## [Entries shown]
= Beginning of Section =
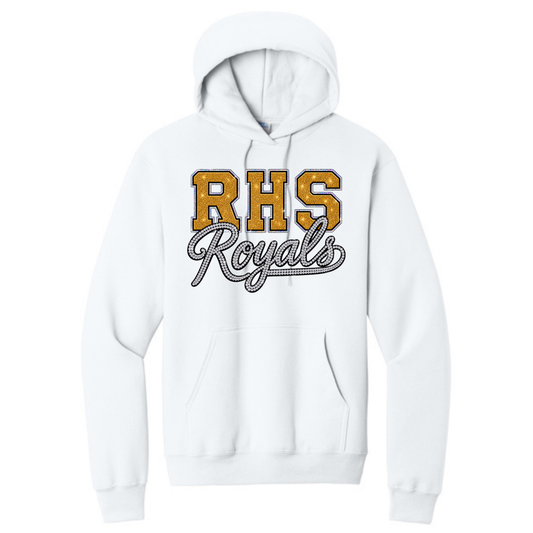 RHS Royals Hoodie (glitter) - PC78H - PC78YH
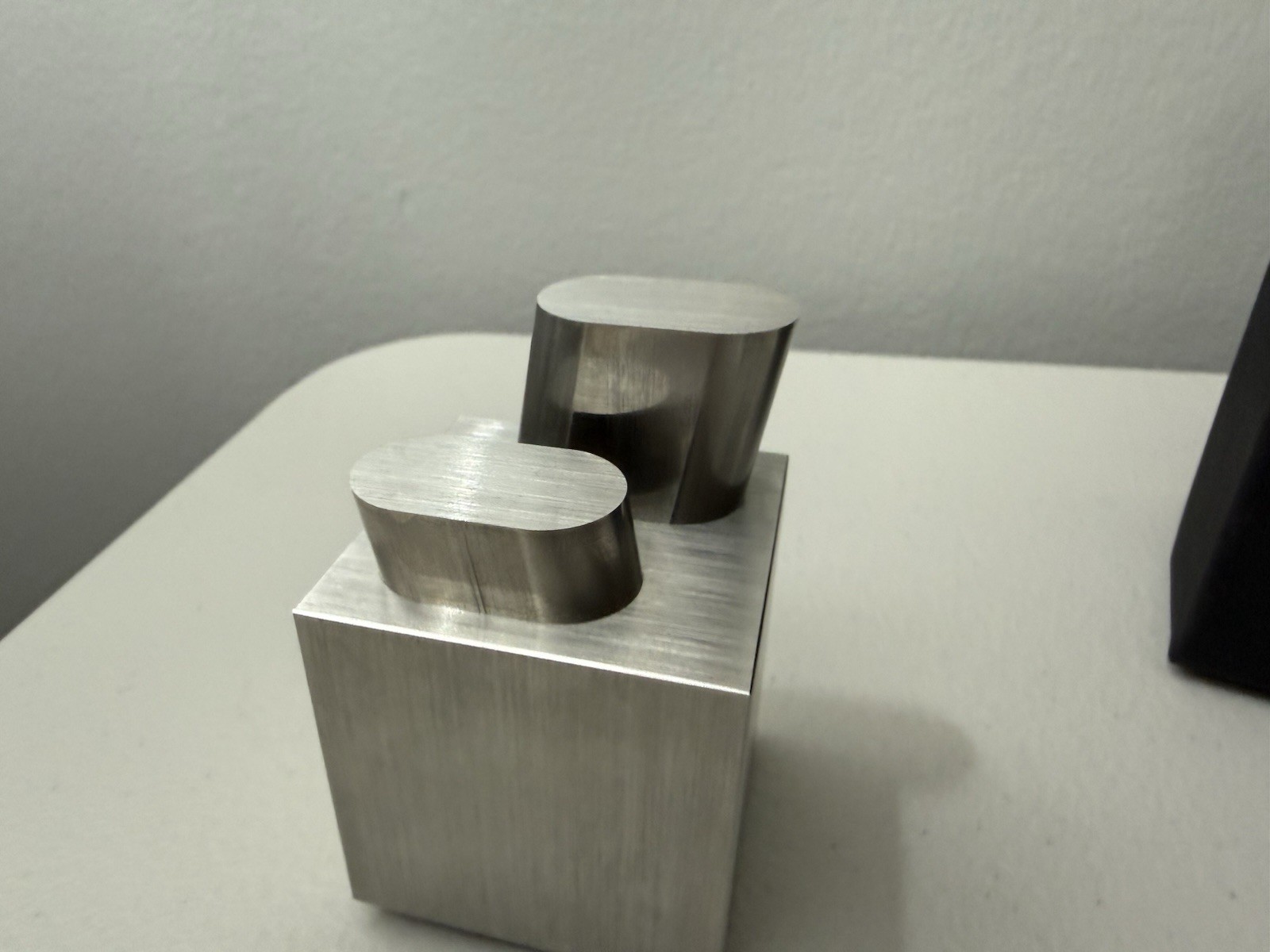 METMO Mk3 Stainless Steel MetMo Cube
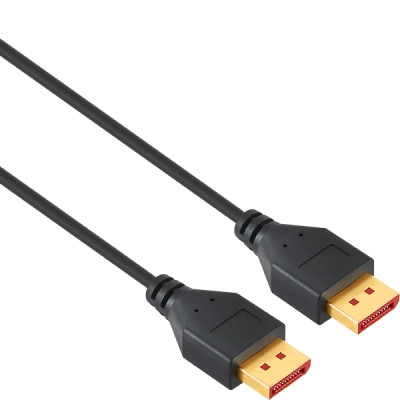 강원전자 넷메이트 8K 60Hz DisplayPort 1.4 Ultra Slim 케이블 1.8m NM-DS18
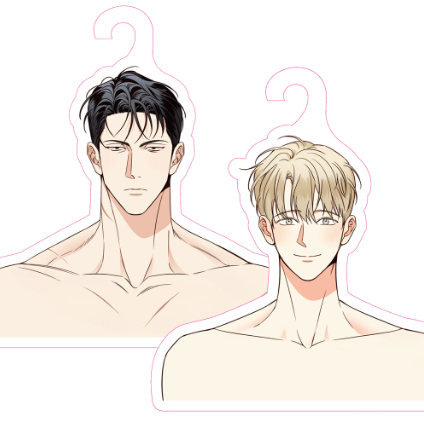 The Dangerous Convenience Store Gunwoo & Euijun Hanger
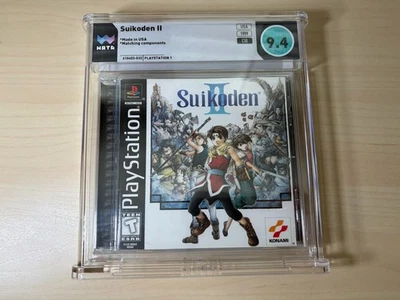 Suikoden II 2 PlayStation PS1 Konami Complete Wata 9.4 - Image 1 of 2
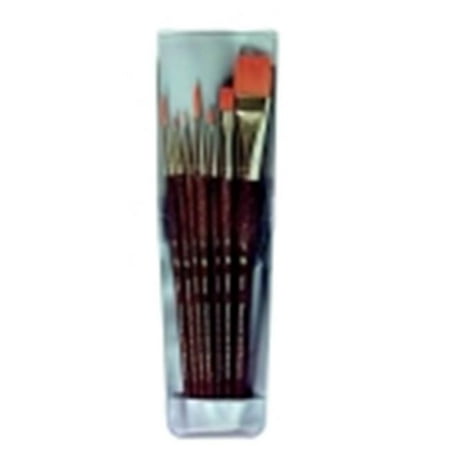 - Princeton Economy Assorted Trim Paint Brush Set, Set - 7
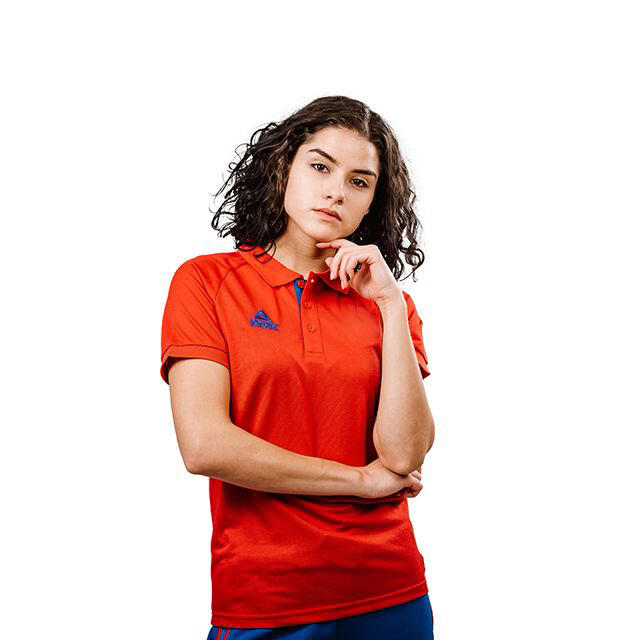 Tricou Polo Peak Rosu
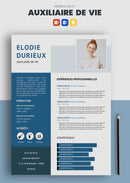 cv auxiliaire de vie exemple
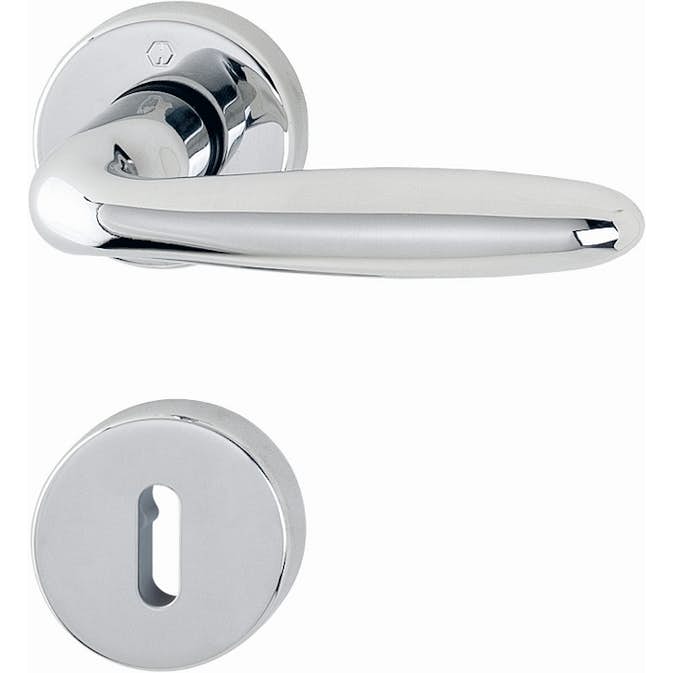 Innerdörrhandtag HOPPE Verona M151 37-42 Nyckelskylt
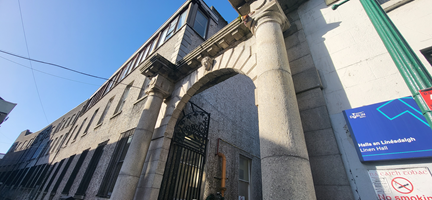 Linenhall Front Entrance 200pxl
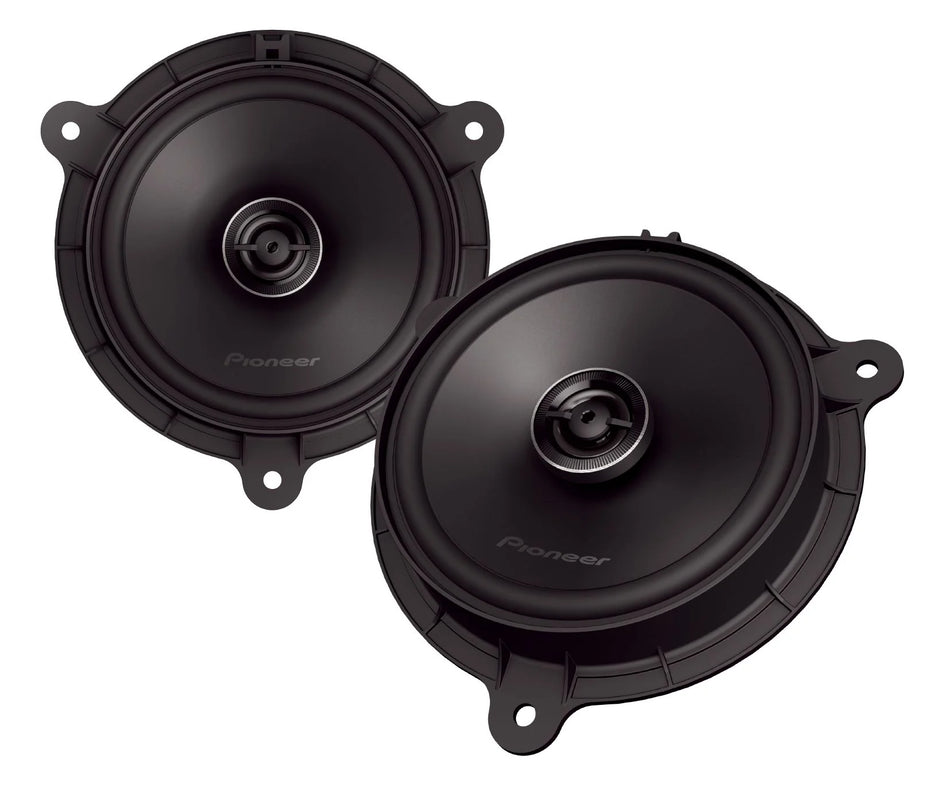 Pioneer TS-Q160F-RN 6.5" (16.5cm) 2 Way Custom Fit Coaxial Speaker For Renault, Nissan & Dacia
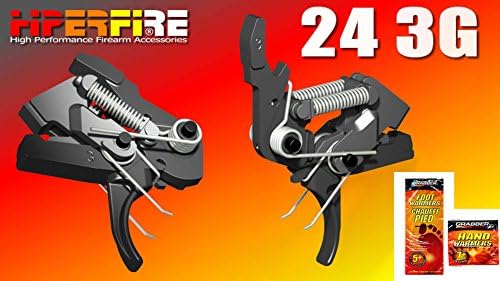 Hiper Fire 243G Trigger Hyper Touch 24 3G + Grabber Hand &amp; Foot Warmers 5+ Hours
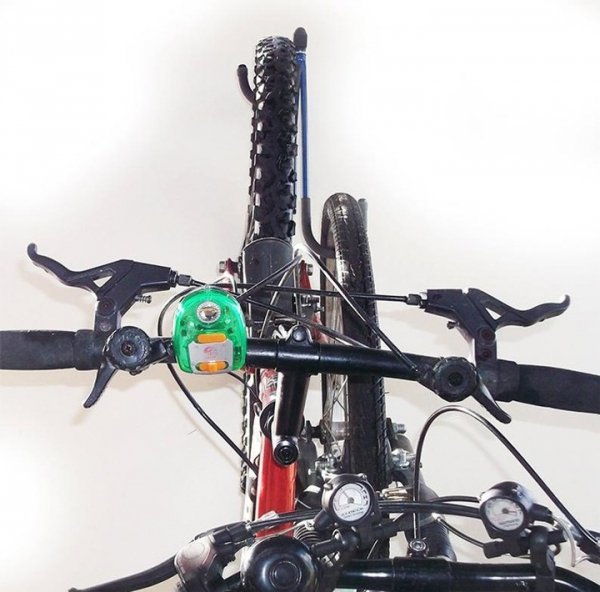 Wieszak rowerowy na 2 dwa rowery Metalfab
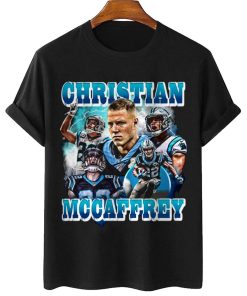 Mockup T Shirt 1 TSBN002 Christian Mccaffrey Bootleg Style Carolina Panthers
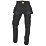 CAT Stretch Pocket Trousers Black 36" W 32" L
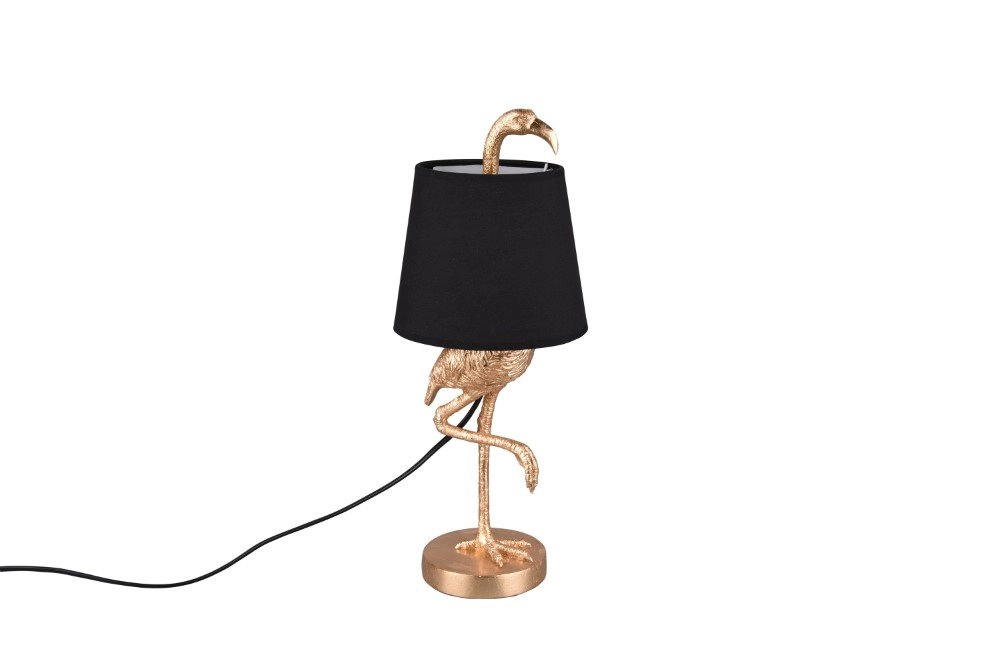 Lampe de table Lola or avec du noir Trio 4017807459340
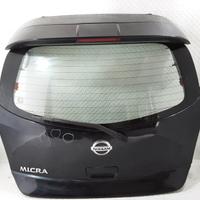 PORTELLONE POSTERIORE COMPLETO NISSAN Micra 7Â° Se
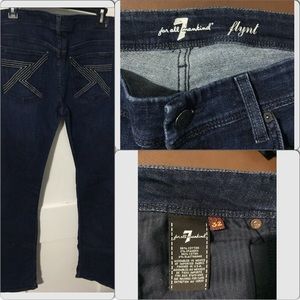 7 for all mankind woman's jeans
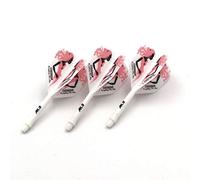 CUESOUL ROST Integrated Dart Shaft and Flights,big wing shape,Set of 3 pcs Beauty Pattern(CSAK-5MN8-L)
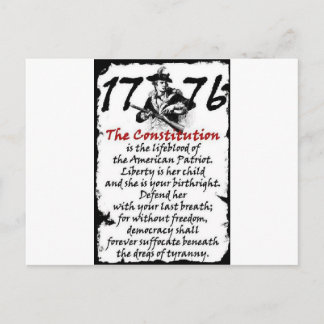 1776 POSTCARD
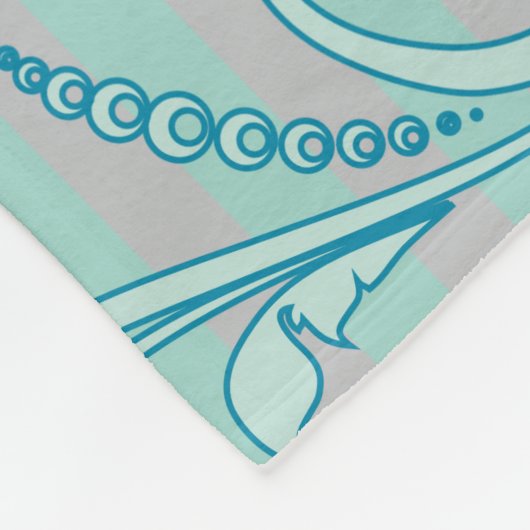 OCEANUS ~ Fleece Blanket (Ecke)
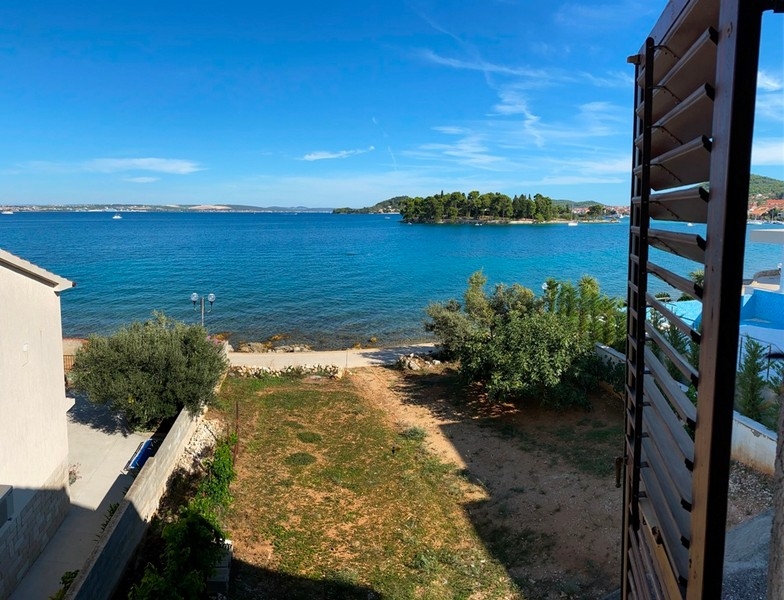 Vista mare panoramica dall'immobile esistente H3787 a Ugljan in Dalmazia.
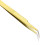 Pinzette acciaio inossidabile curve per extension 3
= End of Section =
Please copy exactly, and only, the lines from the one that contains "Linenhall Front Entrance 200pxl" through the last line of the data above, omitting all pictures.

 Linenhall Front Entrance 200pxl
 Pioneer TS-Q160F-RN 6.5" (16.5cm) 2 Way Custom Fit Coaxial Speaker For Renault, Nissan & Dacia
 Hiper Fire 243G Trigger Hyper Touch 24 3G + Grabber Hand &amp; Foot Warmers 5+ Hours
 Wieszak rowerowy na 2 dwa rowery Metalfab
 Mockup T Shirt 1 TSBN002 Christian Mccaffrey Bootleg Style Carolina Panthers
 CAT Stretch Pocket Trousers Black 36" W 32" L
 Lampe de table Lola or avec du noir Trio 4017807459340
 PORTELLONE POSTERIORE COMPLETO NISSAN Micra 7Â° Se
 7 for all mankind woman's jeans
 CUESOUL ROST Integrated Dart Shaft and Flights,big wing shape,Set of 3 pcs Beauty Pattern(CSAK-5MN8-L)
 1776 POSTCARD
 OCEANUS ~ Fleece Blanket (Ecke)
 Vista mare panoramica dall'immobile esistente H3787 a Ugljan in Dalmazia.
 Pinzette acciaio inossidabile curve per extension 3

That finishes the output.